__What the task requires__: Both ends included, set down the lines from the line containing "17 Strathairlie Square" through the last line of the records below, without pictures.

[Stored items from a collection]
----

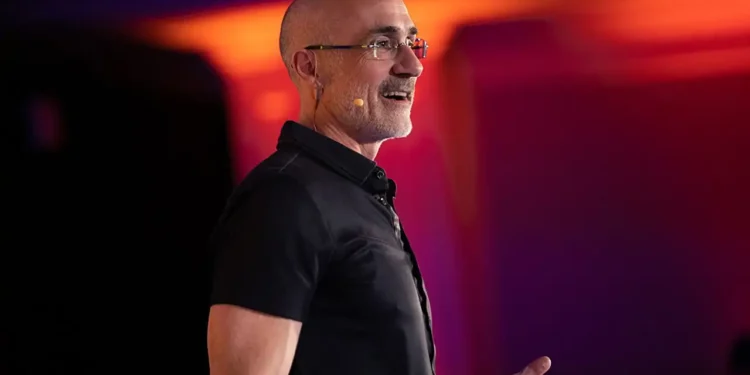Arthur Brooks, experto en felicidad de Harvard: “La satisfacción duradera no proviene de tener más, sino de desear menos”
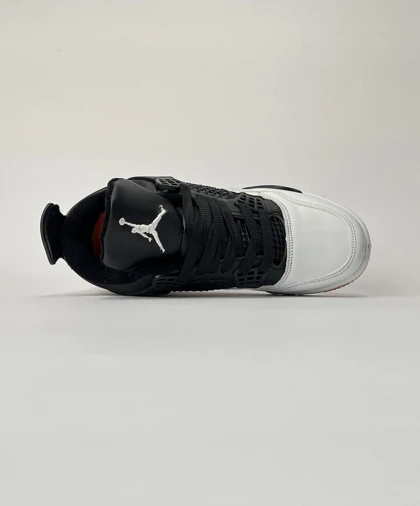 کفش روزمره نایک جردن 4 مشکی سفید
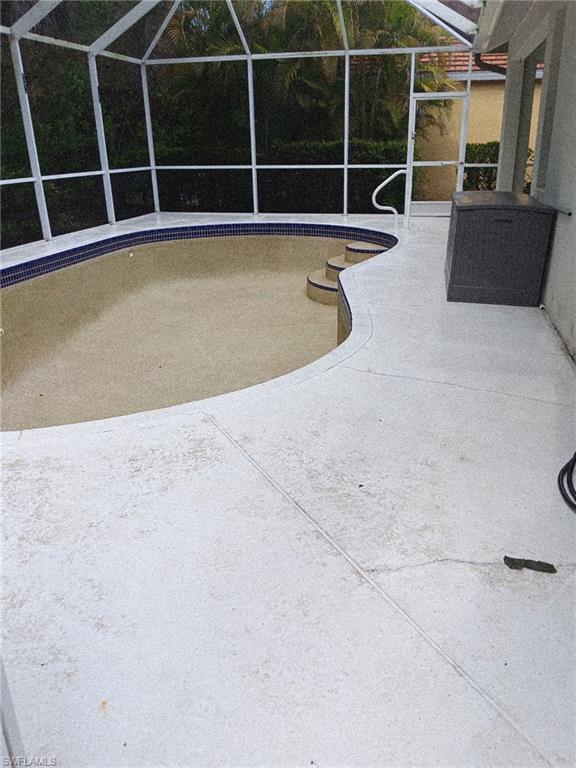 9894 Colonial WALK N photo 10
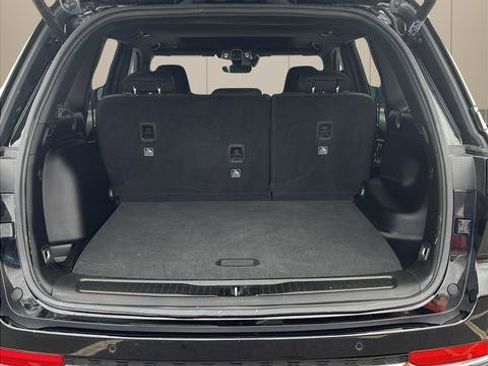 Used 2025 Jeep Grand Cherokee Laredo X w/ Luxury Tech Group I image 14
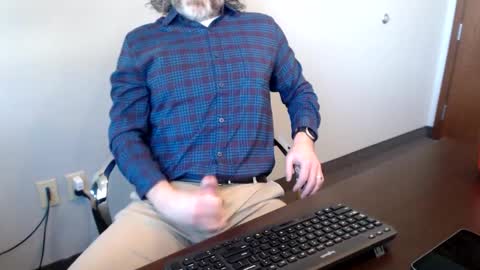 Snapshot of studbro41 chatting on March 12, 6:33 pm studbro41 online show from March 12, 6:33 pm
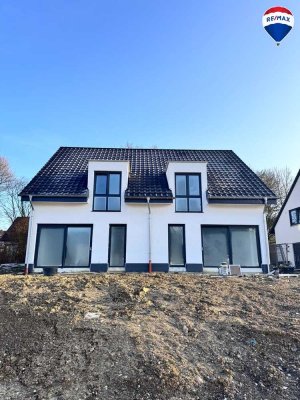 Neubau-Doppelhaushälfte in ruhiger Sackgasse von Herford – Erstbezug!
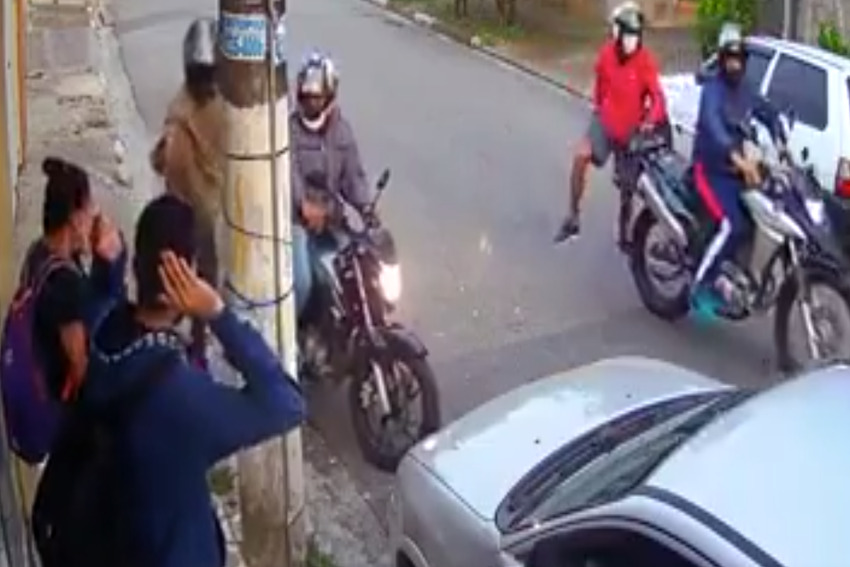 Bandidos armados em Diadema praticam roubos a transeuntes; Veja vídeo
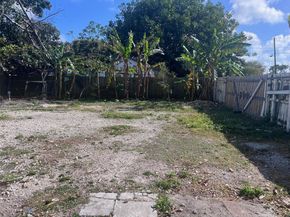 3090 NW 29th St, Miami FL 33142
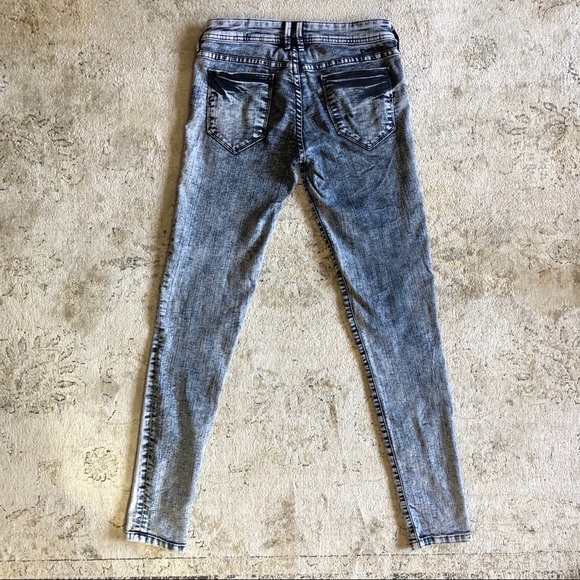Bebe Mineral Washed Skinny Jeans - Picture 4 of 6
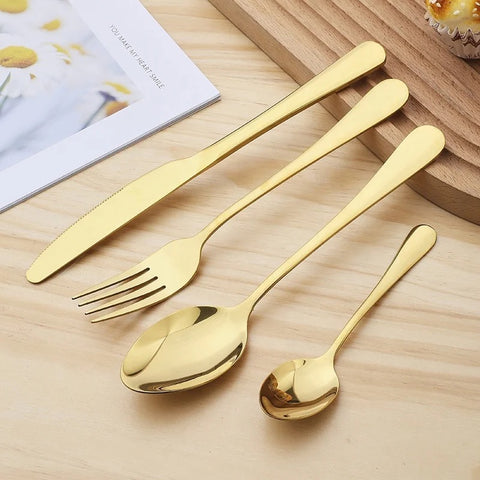 Ensemble de couverts  en doré ( gold) 24 pièces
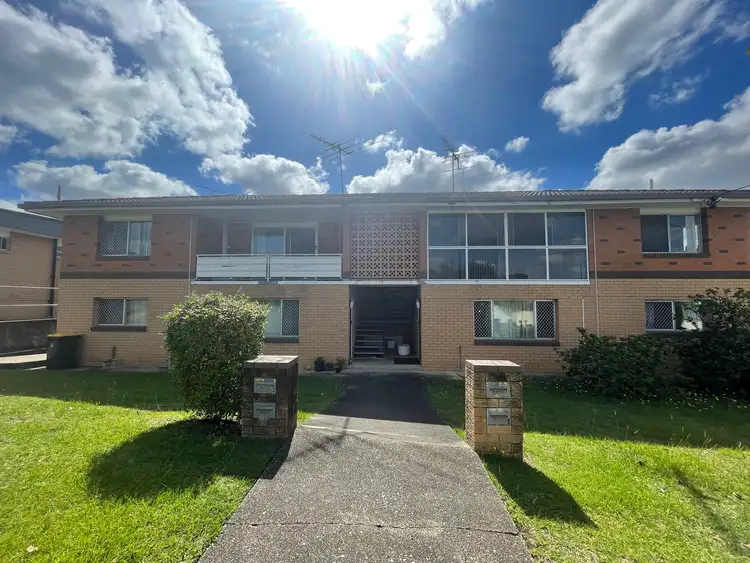 17 Strathairlie Square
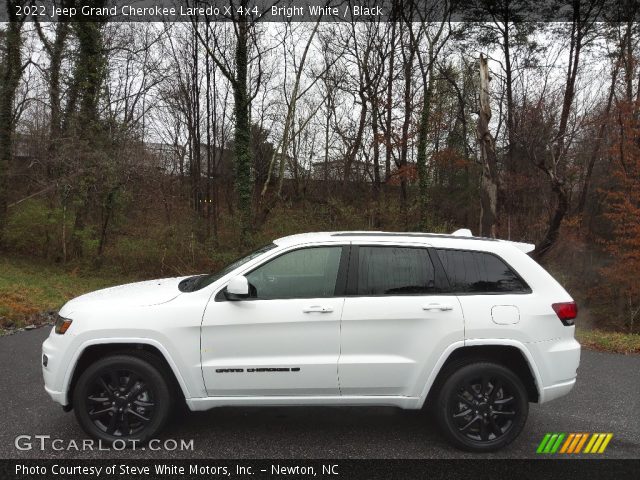 2022 Jeep Grand Cherokee Laredo X 4x4 in Bright White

----

__Completed task__:
 17 Strathairlie Square
 2022 Jeep Grand Cherokee Laredo X 4x4 in Bright White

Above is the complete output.